— Assigned task —
Repeat the listing that follows exactly. Pictures are not part of the copy.

┄┄┄┄┄┄

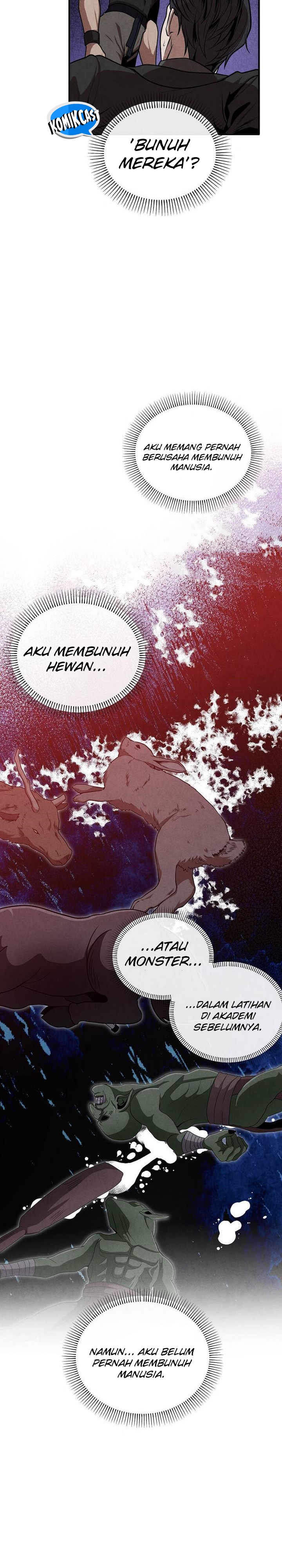Legendary Youngest Son of the Marquis House Chapter 106 Gambar 19
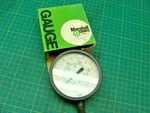 Marshalltown G10192 Pressure Gauge 3-1/2" F 30-300 Psi, -100-2000 Kpa & Temp.. Fixed Price $9.95.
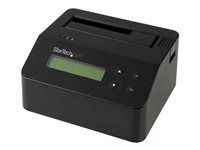 Standalone Secure Erase Wiper & Sanitizer (SDOCK1EU3P) - Hard drive eraser - čierna - pre P/N: SVA12M5NA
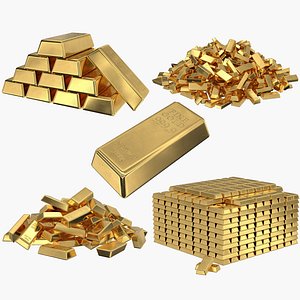 Gold Bar Collection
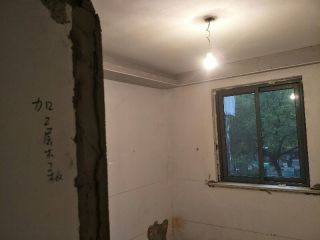 现场木制品造型施作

┄┄┄┄┄┄

— Answer to this exercise —
Legendary Youngest Son of the Marquis House Chapter 106 Gambar 19
 Marshalltown G10192 Pressure Gauge 3-1/2" F 30-300 Psi, -100-2000 Kpa & Temp.. Fixed Price $9.95.
 Standalone Secure Erase Wiper & Sanitizer (SDOCK1EU3P) - Hard drive eraser - čierna - pre P/N: SVA12M5NA
 Gold Bar Collection
 现场木制品造型施作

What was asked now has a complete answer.